Marx en engels twee grondleggers van de Eerste Internationale / standbeelden in Berlijn. Foto: Flickr.com

De Derde Internationale

Slechts enkele partijen, zoals de Russische bolsjewieken, hielden vast aan de anti-oorlogsresoluties. De revolutionairen vormden op aandringen van Lenin in maart 1919 de Communistische of Derde Internationale, ook wel bekend als de Comintern. Deze Internationale, waar in Nederland de van de SDAP afgesplitste CPH/CPN lid van was, ontwikkelde zich tamelijk snel tot een soort mantelorganisatie van de Sovjet-Unie. De aangesloten partijen lieten dit gebeuren omdat zij deze nieuw gevormde staat zagen als het vaderland der arbeiders. Hier hadden de arbeiders na de Commune van Parijs immers voor het eerst de macht gegrepen en tegenkrachten moesten worden bestreden. In deze strijd die zeker in het begin gewapenderhand gevoerd werd, was volgens communisten geen ruimte voor twijfel, want twijfel zou de vijanden van de Sovjet-Unie maar in de kaart spelen.

Gedurende de jaren twintig en dertig wisselden de standpunten van de aangesloten partijen al naar gelang de belangen van het vermeende socialistische vaderland. Toen de Sovjet-Unie in 1939 een niet-aanvalsverdrag sloot met Hitler-Duitsland waren veel communistische partijen dan ook flink in verwarring. Hoe begrijpelijk dat verdrag ook was vanuit machtspolitieke overwegingen. Om de geallieerde bondgenoten tijdens de Tweede Wereldoorlog niet voor het hoofd te stoten met een organisatie die de wereld wilde veroveren, hief Stalin in 1943 de Comintern op.

In 1947 werd het (Communistisch Informatiebureau) Cominform opgericht, dat als een Europese opvolger van de Comintern kan worden beschouwd. Na de destalinisatie in de Sovjet-Unie en de tegenstellingen tussen Rusland en China viel het Cominform echter al weer uit elkaar.
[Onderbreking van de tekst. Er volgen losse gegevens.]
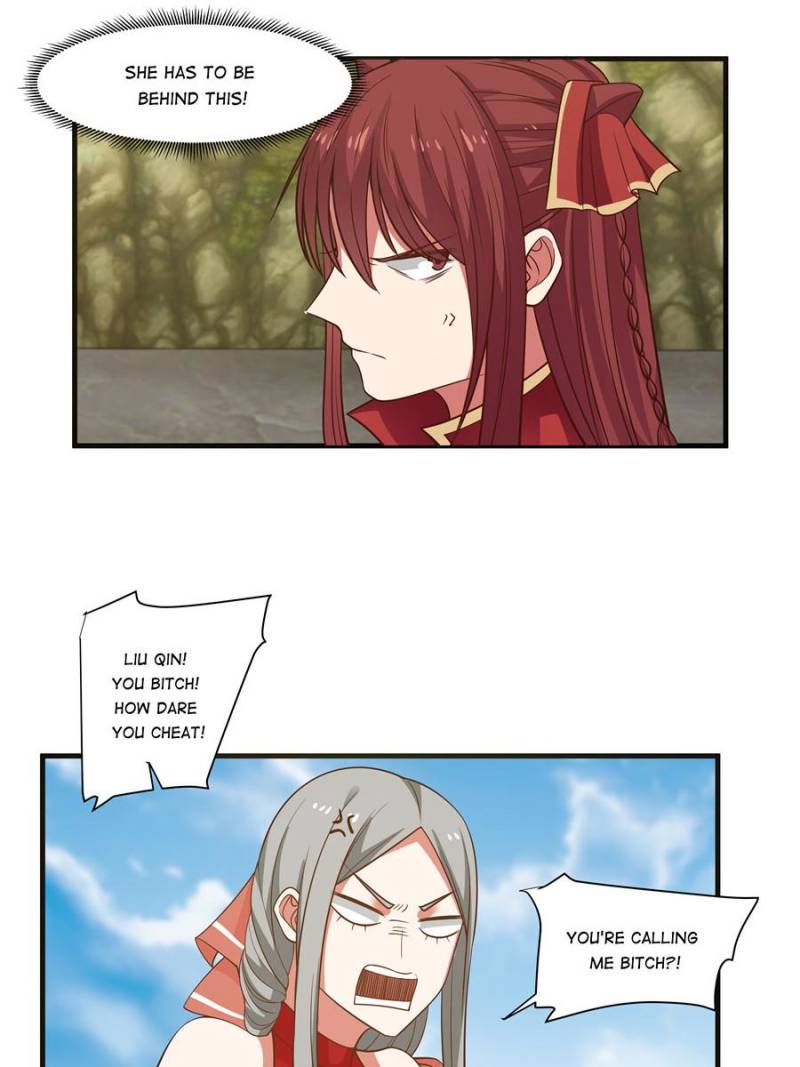 Page 27 of Chapter 23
In Nederland bestaan van beide late stromingen in de communistische beweging, de Moskou-aanhangers en de volgelingen van de Chinese leider Mao, nakomelingen: de maoïstische GML-Rode Morgen en de Nieuwe Communistische Partij van Nederland (NCPN). De GML werkt met enkele tientallen zusterorganisaties samen in de Internationale Conferentie van Marxistisch-Leninistische Partijen en Organisaties. Over de NCPN kunt u elders in deze Spanning lezen.
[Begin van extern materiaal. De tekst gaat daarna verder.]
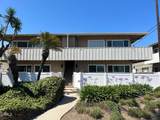3357 Rexford Street - Photo 1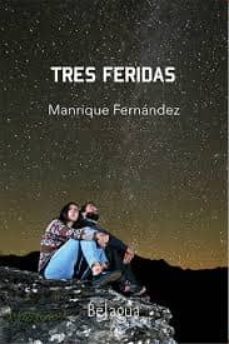 tres feridas-9788494175152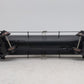 K-Line K6341-5602 O Gauge Anheuser-Busch Single Dome Tank Car #6325603 EX/Box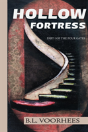 Hollow Fortress - Preview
De Socialistische Internationale

In 1923, op een congres in Hamburg, werd de eenheid tussen de gematigde socialisten van de Tweede Internationale, die door de Eerste Wereldoorlog uit elkaar was gevallen, enigszins hersteld, onder de naam Socialistische Arbeiders Internationale (S.A.I.). Ook deze internationale was een supranationaal orgaan, maar in de praktijk bepaalden de aangesloten partijen hun eigen beleid. De grote problemen van de economische crisis, het opkomende fascisme en de Spaanse Burgeroorlog veroorzaakten de ondergang van de SAI in 1940. In ons land was de SDAP lid.
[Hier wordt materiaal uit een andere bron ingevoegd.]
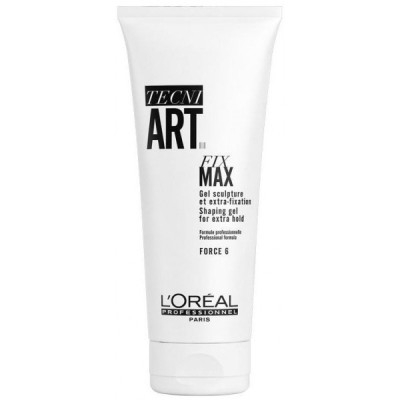 FIX MAX 200ML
Na de oorlog duurde het tot 1951 voor er weer een Socialistische Internationale tot stand kwam. Deze heeft zich tot op de dag van vandaag weten te handhaven en de PvdA is er vanaf het begin een actief lid van. De PvdA neemt ook deel aan de in 1992 opgerichte Partij van Europese Sociaal-democraten (PES). De PES is een in beginsel verregaand samenwerkingsverband tussen ruim dertig socialistische fracties in het Europees parlement. De Europese sociaal-democraten steunen vanouds het project van de Europese eenwording, maar zijn wat terughoudender geworden na de afwijzing van de Europese grondwet door de bevolkingen van Frankrijk en Nederland.

De vierde Internationale

Na de Eerste, de Tweede en de Derde Internationale ontstond er ook nog een Vierde. Deze Vierde Internationale werd door Leon Trotski gesticht in 1938 nadat hij uit de Sovjet-Unie was verbannen. Deze verbanning was het resultaat van de strijd tussen Trotski en Stalin die ongeveer 15 jaar had geduurd. Aanvankelijk hoopten de aanhangers van Trotski dat ze de Comintern konden hervormen tot een organisatie die zich weer voor de wereldrevolutie zou inzetten en niet voor de nationale belangen van Rusland. De hoop dat dit ooit zou lukken vervloog echter snel. Tegenwoordig bestaan er vele trotskistische internationale organisaties die zichzelf als opvolger van de oorspronkelijke Vierde Internationale beschouwen. In Nederland is de Socialistische Alternatieve Politiek (SAP) een sectie van de Vierde Internationale, terwijl de Internationale Socialisten (IS) behoren tot een andere stroming binnen het trotskisme. De onderlinge verschillen tussen de vele soorten trotskisten zijn voor buitenstaanders overigens vaak volslagen onbegrijpelijk.

Linkse samenwerking

Enigszins vreemd om hier te vermelden is het internationale samenwerkingsverband waarin GroenLinks zich bevindt. Vreemd omdat GL weliswaar afstamt van CPN en PSP, maar meer en meer haar socialistische gedachtegoed aan de wilgen hangt. Leidende kringen binnen die partij gaan er niet voor niets prat op de laatste sociaal-liberale partij van Nederland te zijn. Maar goed, ook GL werkt samen met andere Europese partijen – meer daarover elders in deze Spanning.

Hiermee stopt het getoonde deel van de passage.